According to Baker Hughes, the number of oil and gas installations in the United States remained unchanged at 589 in the past week through December 13 – 12/13/2024 at 7:09 p.m.

According to Baker Hughes, the number of oil and gas installations in the United States remained unchanged at 589 in the past week through December 13 – 12/13/2024 at 7:09 p.m.
According to Baker Hughes, the number of oil and gas installations in the United States remained unchanged at 589 in the past week through December 13 – 12/13/2024 at 7:09 p.m.

((Automated translation by Reuters, please see disclaimer https://bit.ly/rtrsauto)) by Scott DiSavino

U.S. energy companies operated the same number of oil and natural gas drilling rigs this week as last week, energy services company Baker Hughes BKR.O said in its closely watched report on Friday.

The number of oil and gas drilling rigs, an early indicator of future production, remained unchanged at 589 in the week ending December 13,

RIG-USA-BHI RIG-OL-USA-BHI RIG-GS-USA-BHI said Baker Hughes.

According to Baker Hughes, the total number of drilling rigs decreased by 34, or 5%, from the previous year.

Baker Hughes said the number of oil drilling rigs remained steady at 482 this week, while the number of gas drilling rigs increased by one to 103, its highest level since July.

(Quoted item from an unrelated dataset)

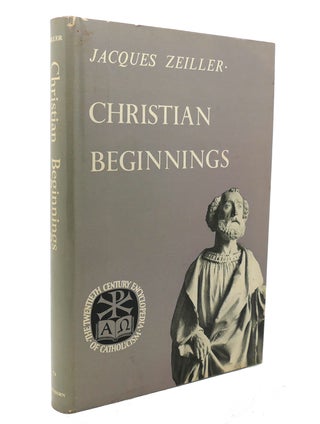 Item #136634 CHRISTIAN BEGINNINGS. Jacques Zeiller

In 2023, the number of oil and gas drilling rigs fell by about 20% after increasing by 33% in 2022 and 67% in 2021, due to lower oil and gas prices, Rising labor and equipment costs due to soaring inflation and businesses focusing on paying down debt and increasing output for shareholders rather than on increasing production.

U.S. oil futures CLc1 are down about 1% so far in 2024, after falling 11% in 2023. U.S. gas futures

NGc1 have increased by 30% so far in 2024 after falling by 44% in 2023.

U.S. crude production is on track to rise from a record 12.9 million barrels per day (bpd) in 2023 to 13.2 million bpd in 2024 and 13.5 million bpd in 2025, according to latest outlook from the U.S. Energy Information Administration (EIA).

As for gas, several producers have reduced drilling activity this year after the monthly average spot price at the Henry Hub NG-W-HH-SNL benchmark in Louisiana fell to its lowest level since 32 in March, and has remained relatively low since then.

This reduction in drilling activity is expected to cause U.S. gas production to decline for the first time since the COVID-19 pandemic reduced fuel demand in 2020.

The EIA projects gas production to fall to 103.2 billion cubic feet per day (bcfd) in 2024, from a record 103.8 bcfd in 2023.